1. The problem statement, all variables and given/known data
A rod of length l with a uniform charge per unit length lambda is placed a distance d from the origin along the x axis. A similar rod with the same charge is placed along the y axis. Determine the net electric field intensity at the origin.

2. Relevant equations
Electric Field Intensity is the same as electric field, right? So you would use E=kq/r^2 (substituting d in for r?)

lambda = Q/l

3. The attempt at a solution
I am under the impression the net electric field will be zero, as the charge on the x axis should cancel out the charge on the y axis, right? Or since the rods are d away from the origin, and not actually on the origin, does this automatically mean the field is zero?

Last edited: Sep 28, 2008
2. Sep 28, 2008

### Staff: Mentor

That equation is for the field from a point charge, not a line of charge. Hint: Break the line into segments and add up each of their contributions to the field. You'll have to integrate.
No. If the line charges where on opposite sides of the origin, then you could conclude that their fields would cancel out at the origin. But that's not the case here.
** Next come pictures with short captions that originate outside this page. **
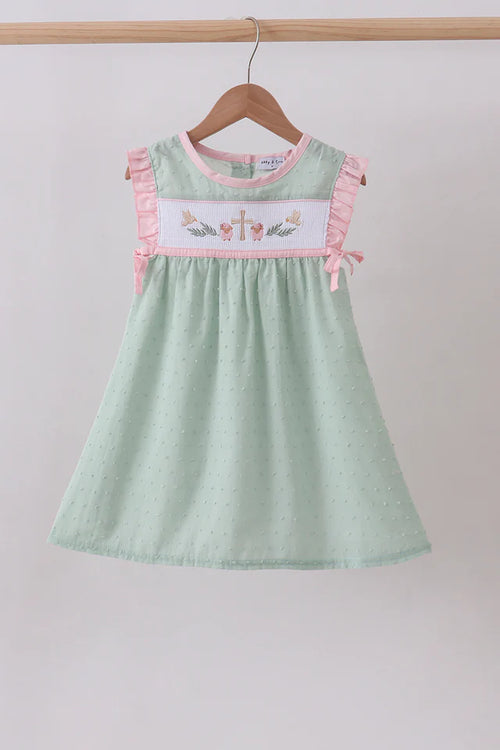 Abby & Evie Green Swiss Dot Cross Sheep Ruffle Dress 113131 SpadezStore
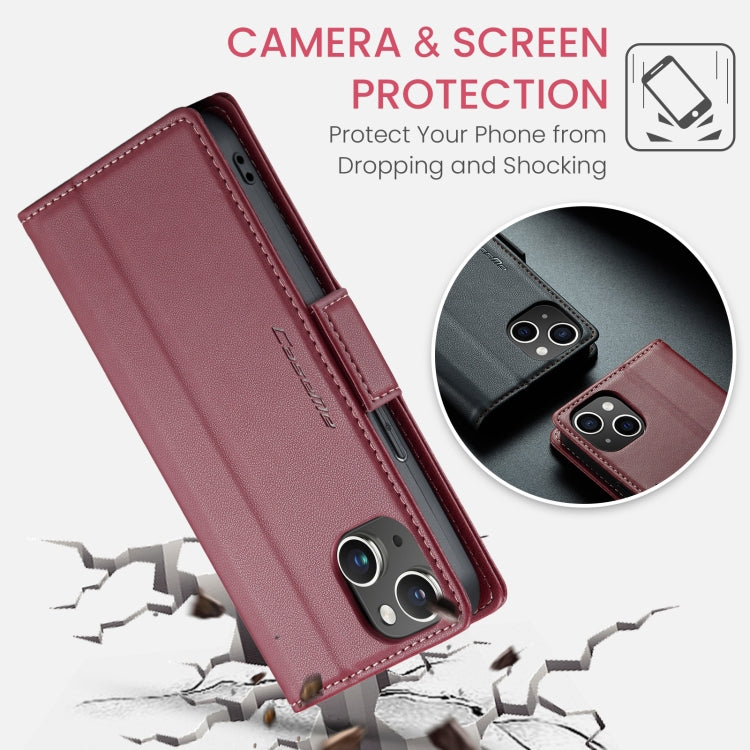 For iPhone 14 Plus CaseMe 023 Butterfly Buckle Litchi Texture RFID Anti-theft Leather Phone Case(Wine Red) - iPhone 14 Plus Cases by CaseMe | Online Shopping South Africa | PMC Jewellery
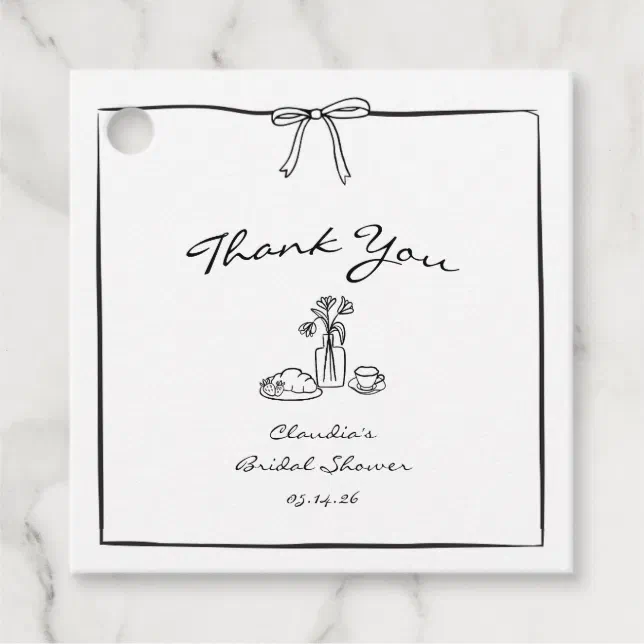 Timeless Hand-Drawn Bridal Shower Chic Thank You  Favor Tags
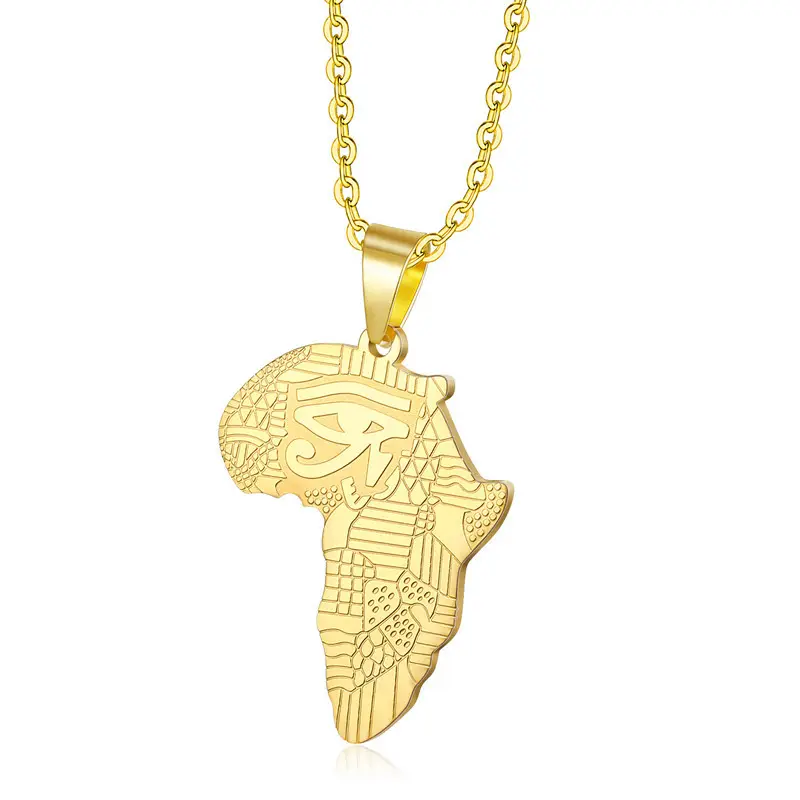 Oude Egypte Wedjat Eye Afrikaanse Kaart Ketting Goud Rvs Oog Van Horus Afrikaanse Kaart Hanger Ketting Voor Vrouwen Mannen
You'll need to find the field contribution from each line charge and then add them up. Don't forget that electric field is a vector.

3. Sep 28, 2008

### SilverGirl

The fields on the x and y are the same though right? So I find one, and can multiply it by 2?

4. Sep 28, 2008

### SilverGirl

So dE = kdq/r^2 ?? r^2 being l^2 + d^2 ?

So dE=(klambda*dl)/(l^2 + d^2)

5. Sep 28, 2008

### Staff: Mentor

The magnitudes are the same, but they have different directions. (So you can't just multiply by 2 to get their total.)

6. Sep 28, 2008

### SilverGirl

So the components for the x and y axis are the same in magnitude, but opposite direction? So once you get the components for the one rod, you are able to just change the direction to find the other?

7. Sep 28, 2008

### SilverGirl

I feel so confused. Right now I have for the rod on the y axis:

Ex = k*lambda*x*(1/x^2)(sinA)(limit A1-A2)

Ex = (k*lambda)/x *{[(l+d)/SQRT(l^2+d^2)] - -(l+d)/SQRT(l^2+d^2)]
Ex = [2k*lambda*(l+d)]/[x * SQRT(l^2+d^2]

8. Sep 28, 2008

### Staff: Mentor

Can we assume that this rod is parallel to the x axis (actually, directly along the x-axis), not perpendicular to it?

9. Sep 28, 2008

### SilverGirl

The picture which I did not include (sorry about that), shows both rods directly on their respective axis

10. Sep 28, 2008

### Staff: Mentor

Good, as I had imagined it. The differential field element from a segment dx, ignoring signs, would be given by:

$$dE = \frac{k \lambda}{x^2} dx$$

Take the integral over the proper limits, from x = d to d + l.

11. Sep 28, 2008

### SilverGirl

Thanks very much. I have never done intergration before, so I am not really sure what it means and how to do it. Do you take out the k*lambda/x^2 first?

12. Sep 28, 2008

### Staff: Mentor

The k*lambda is a constant, so it just tags along. What's the integral (anti-derivative) of 1/x^2?

13. Sep 28, 2008

### SilverGirl

I have done derivatives before, but never antiderivatives before and am not sure. Just giving a wild guess would be, x ?

14. Sep 29, 2008

### Defennder

An anti-derivative of a function f(x) is simply a function g(x) such that when it is differentiated, it gives you f(x). So in this case, the question becomes: What must you differentiate in order to give you 1/x^2?

15. Sep 29, 2008

### Staff: Mentor

There's nothing wrong with guessing an antiderivative, but then you must immediately check if your guess was correct by taking the derivative. Try it.